Le procès à Mumbai du seul survivant du commando islamiste qui avait attaqué la capitale économique indienne en novembre 2008 devrait reprendre jeudi, après un faux départ chaotique mercredi au moment où l'Inde s'apprêtait à juger son «11 septembre».

Présidant un tribunal spécial ultra-sécurisé --au coeur d'une prison de Mumbai-- le juge M.L. Tahaliyani a repoussé d'une journée l'ouverture du procès du Pakistanais Mohammed Ajmal Amir Iman, alias «Kasab», en récusant son avocate et en refusant de la remplacer par un défenseur de nationalité pakistanaise.

   «Nous devons donner à « Kasab » un procès juste et équitable et il est nécessaire de désigner un avocat capable de gérer correctement une affaire d'une telle nature», a déclaré le magistrat.

   «Le Pakistan peut vous aider à trouver un avocat, mais il devra être originaire d'ici (en Inde), a-t-il ajouté, en réponse à une requête du prévenu qui sera toutefois transmise, pour la forme, par New Delhi à Islamabad.

   En excluant du prétoire l'avocate indienne du «suspect numéro 1», le président du tribunal a invoqué un conflit d'intérêt «inapproprié»: la juriste serait liée à un témoin de l'accusation.

   Me Waghmare avait accepté de défendre M. Iman, en dépit de pressions et menaces d'extrémistes hindous et du boycottage par le barreau de Mumbai.

   Mercredi, l'accusé âgé de 21 ans est très brièvement apparu dans le prétoire.

   Un journaliste de l'AFP l'a trouvé désarçonné par les règles de procédure pénale énoncées en anglais et en hindi, une langue pourtant proche de l'ourdou parlé au Pakistan.

   Il est en détention préventive en Inde depuis les attentats de Mumbai perpétrés du 26 au 29 novembre (174 tués, dont neuf des dix assaillants).

   Arrêté après avoir commis un carnage dans la gare de la mégapole, M. Iman est inculpé pour «actes de guerre contre le pays», meurtres et tentatives de meurtres et violation de la législation sur les armes et les explosifs.

   Il encourt la peine de mort.

   Les auteurs du «11-Septembre indien», comme l'a surnommé la presse, avaient «l'intention manifeste de déstabiliser l'Inde, de mener une guerre contre le pays, de terroriser ses citoyens, de provoquer des pertes financières et de lancer un avertissement à d'autres nations», détaille l'acte d'accusation.

   L'Inde, les États-Unis et la Grande-Bretagne imputent ces attaques au Lashkar-e-Taïba (LeT), un groupe islamiste armé clandestin pakistanais, actif au Cachemire.

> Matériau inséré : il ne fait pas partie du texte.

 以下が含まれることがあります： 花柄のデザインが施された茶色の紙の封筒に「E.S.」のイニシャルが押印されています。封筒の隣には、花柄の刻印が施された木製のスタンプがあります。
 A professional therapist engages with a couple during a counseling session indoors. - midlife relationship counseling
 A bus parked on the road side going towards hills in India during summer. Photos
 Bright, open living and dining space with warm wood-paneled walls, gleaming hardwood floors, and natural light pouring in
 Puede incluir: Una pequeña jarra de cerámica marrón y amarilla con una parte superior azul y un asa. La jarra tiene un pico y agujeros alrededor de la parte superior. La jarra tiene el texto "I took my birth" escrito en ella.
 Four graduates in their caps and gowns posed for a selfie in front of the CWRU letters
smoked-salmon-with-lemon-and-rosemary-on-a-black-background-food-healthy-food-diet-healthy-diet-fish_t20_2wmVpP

New Delhi dénonce en outre la complicité de services de renseignements militaires pakistanais (Inter-services intelligence, ISI).

   Le LeT et Islamabad ont nié, mais le Pakistan a admis que le complot avait été «en partie» ourdi sur son sol.

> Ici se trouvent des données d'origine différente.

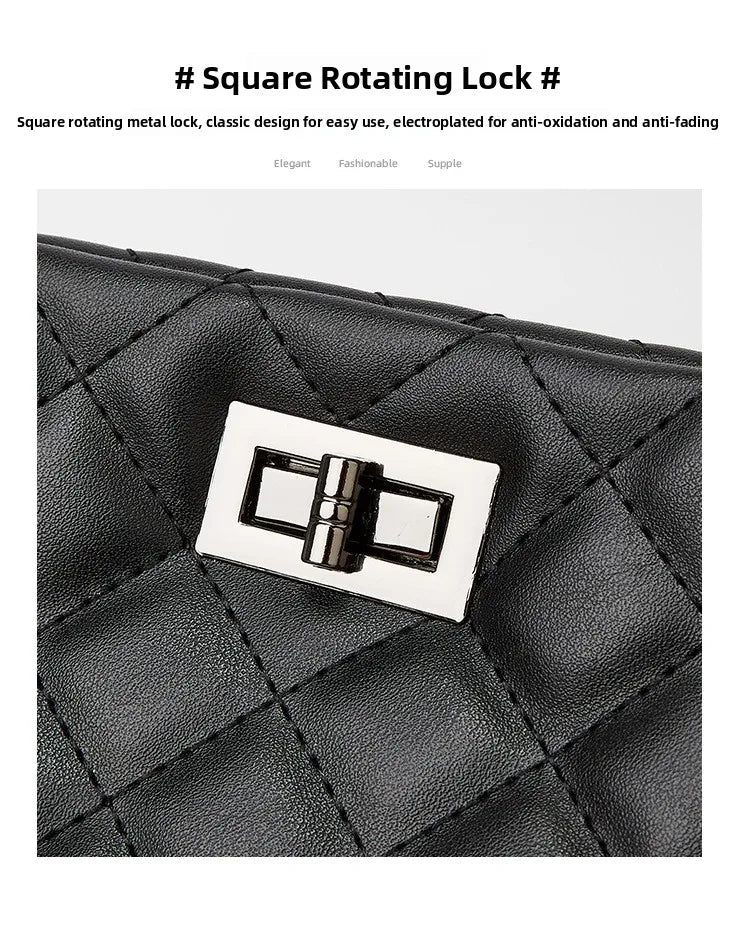 Black quilted handbag with a square rotating metal lock on a white background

   Même si l'Inde accuse inlassablement son «frère ennemi», elle poursuit aussi en justice deux Indiens islamistes --Fahim Ansari, 35 ans, et Sabauddin Ahmed, 24 ans-- pour avoir apporté leur soutien logistique au commando avant les attaques.

   Le tribunal spécial dans la prison Arthur Road, qui avait servi en 2007 pour le procès des attentats de Mumbai du 12 mars 1993 (257 morts), est sous sécurité maximale, dans un quartier totalement bouclé où vivent 25 000 personnes.

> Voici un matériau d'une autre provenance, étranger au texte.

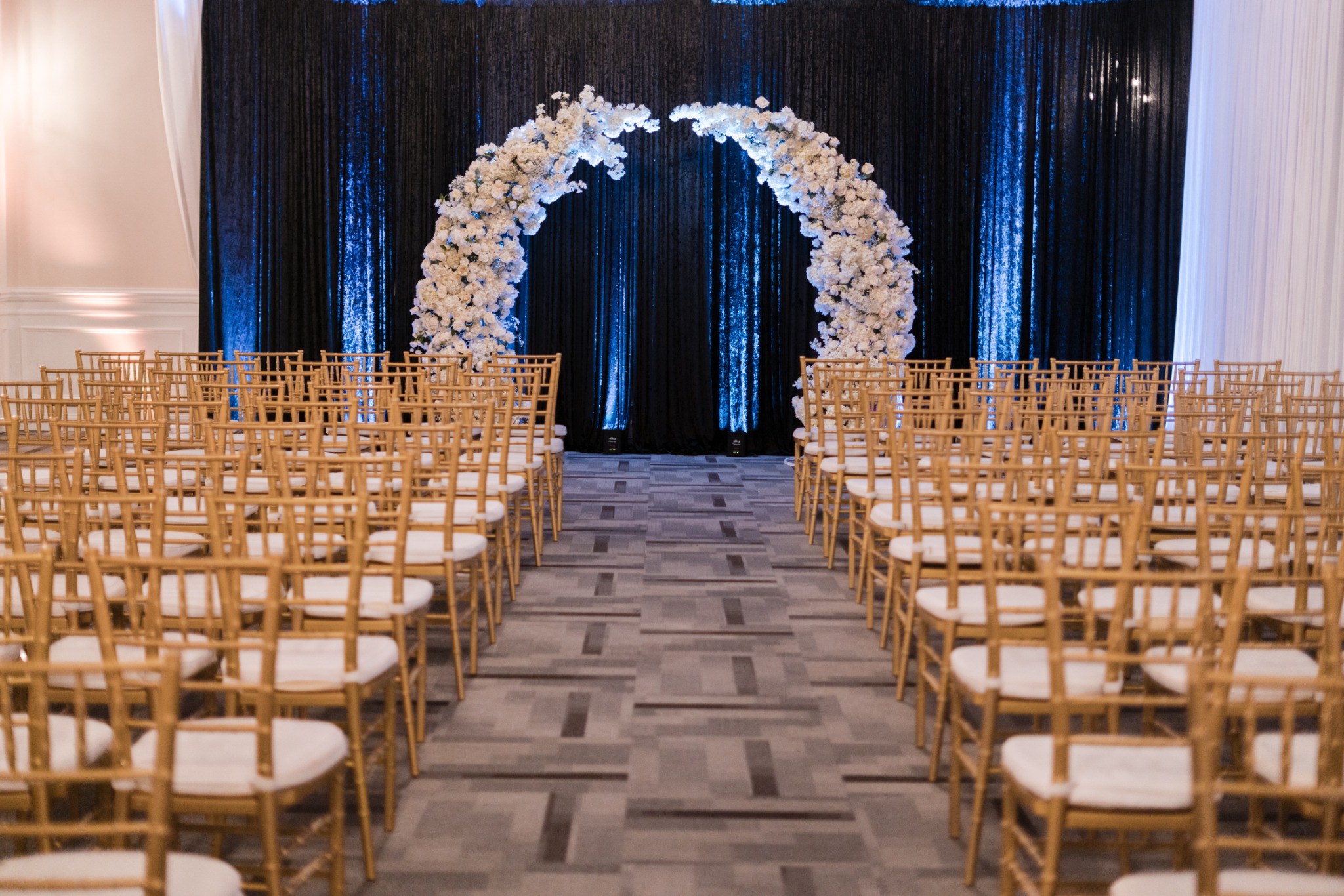 Gold ceremony chairs leading to a white floral arch against black draping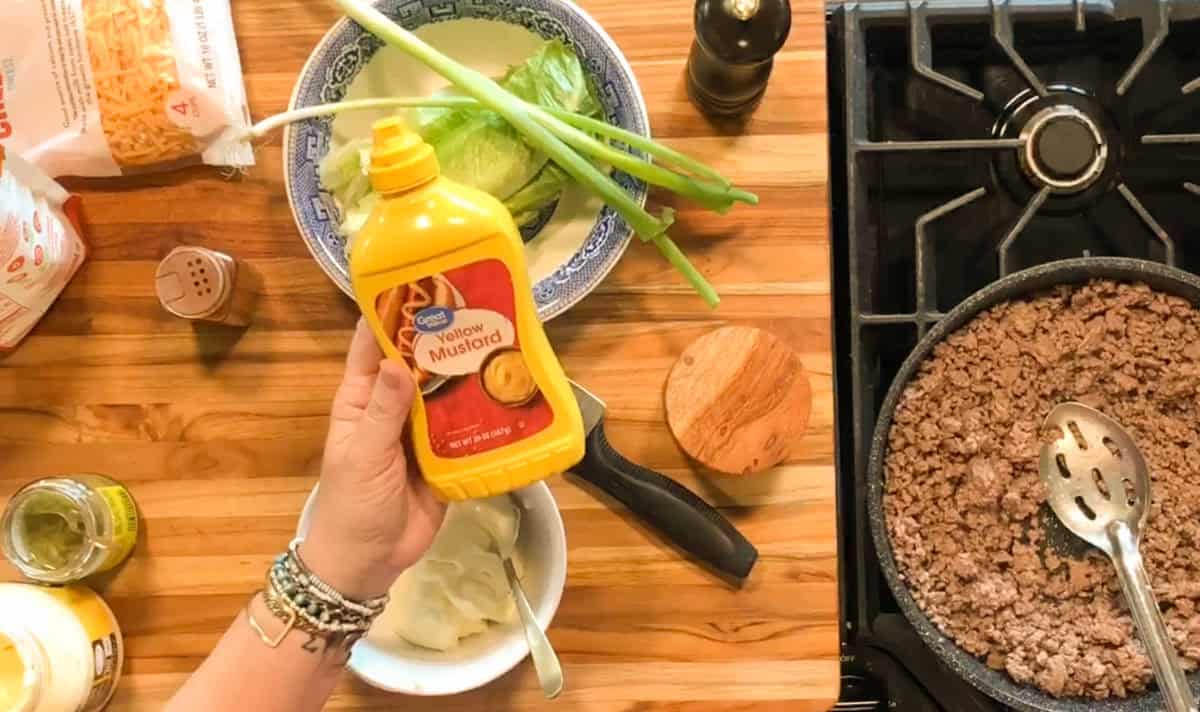 A hand holds a bottle of yellow mustard above a bowl of white sauce. Nearby are green onions, lettuce, shredded cheese, a spice shaker, mayonnaise, pickles, and a pan with cooked ground beef on a stove.
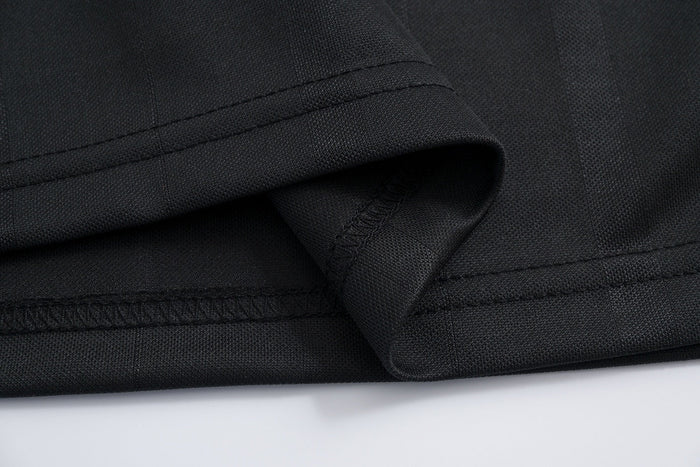 Black mesh athletic tee with triple-stitched hem and folded sleeve detail on a clean white background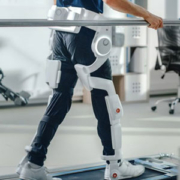 person walking with mechanical aid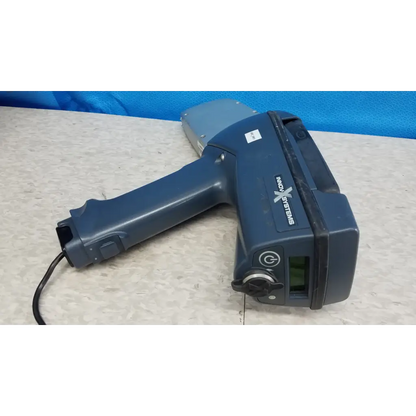 Dark blue handheld innov-x systems analyzer spectrometer with gray sensor head and black cord in spectrometer kit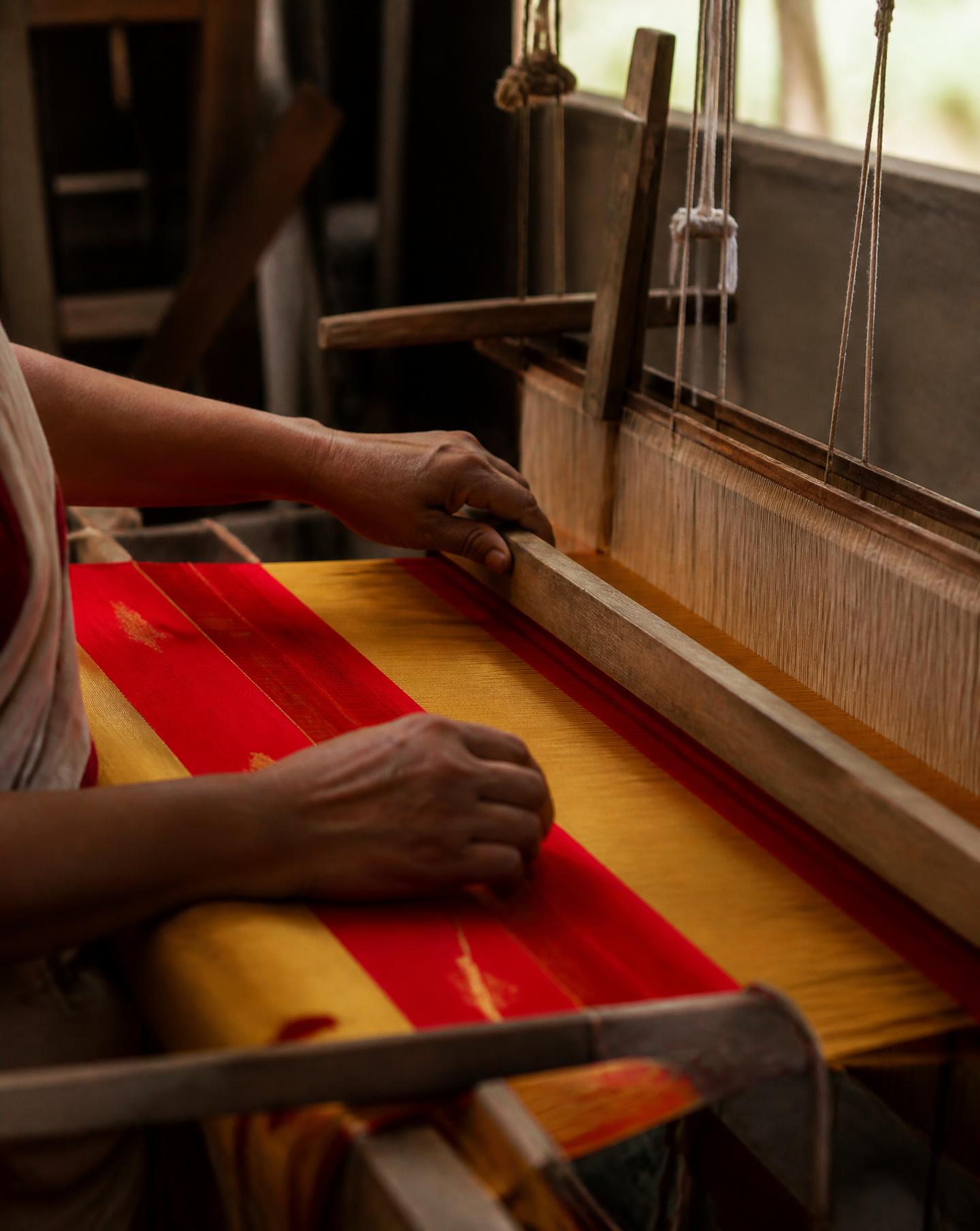 Hands weaving red and gold silk on a bamboo loom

   Des chaînes d'acier ont été déroulées tout autour du bâtiment, protégé par des centaines de policiers et soldats portant gilets pare-balles, treillis militaires et armes automatiques.

   La circulation sera interdite autour de la prison pendant les six mois d'audiences, au cours desquelles 2000 témoins devraient défiler.

   Un tunnel blindé a même été construit entre le tribunal et la cellule de M. Iman. Celui-ci est à l'isolement, séparé des 3000 détenus, parmi lesquels des figures de la pègre de Mumbai.